An auxiliary definition to be used below.

Whenever E is a cone of shape K of sheaves, and S is the multifork associated to a covering W of an object X, with respect to the cone point E.X, this provides a cone of shape K of objects in D, with cone point S.X.

See isLimitMultiforkOfIsLimit for more on how this definition is used.

Equations

• One or more equations did not get rendered due to their size.

def CategoryTheory.Sheaf.isLimitMultiforkOfIsLimit {C : Type u} [Category.{v, u} C] {J : GrothendieckTopology C} {D : Type w} [Category.{w', w} D] {K : Type z} [Category.{z', z} K] [Limits.HasLimitsOfShape K D] (F : Functor K (Sheaf J D)) (E : Limits.Cone (F.comp (sheafToPresheaf J D))) (hE : Limits.IsLimit E) (X : C) (W : J.Cover X) : Limits.IsLimit (W.multifork E.pt)

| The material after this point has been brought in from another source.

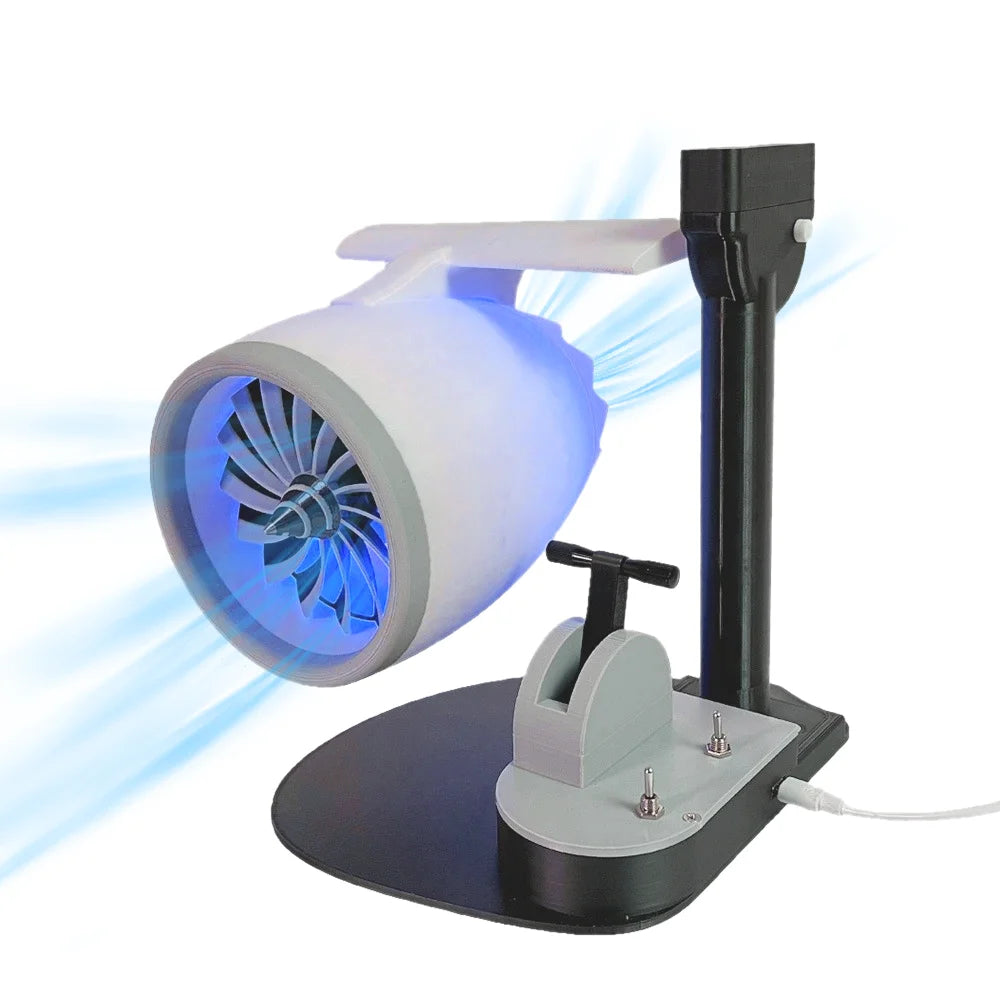 USB JetFan Turbofan Engine Desktop Fan with Humidifier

If E is a cone of shape K of sheaves, which is a limit on the level of presheaves, this definition shows that the limit presheaf satisfies the multifork variant of the sheaf condition, at a given covering W.

This is used below in isSheaf_of_isLimit to show that the limit presheaf is indeed a sheaf.

Equations

• One or more equations did not get rendered due to their size.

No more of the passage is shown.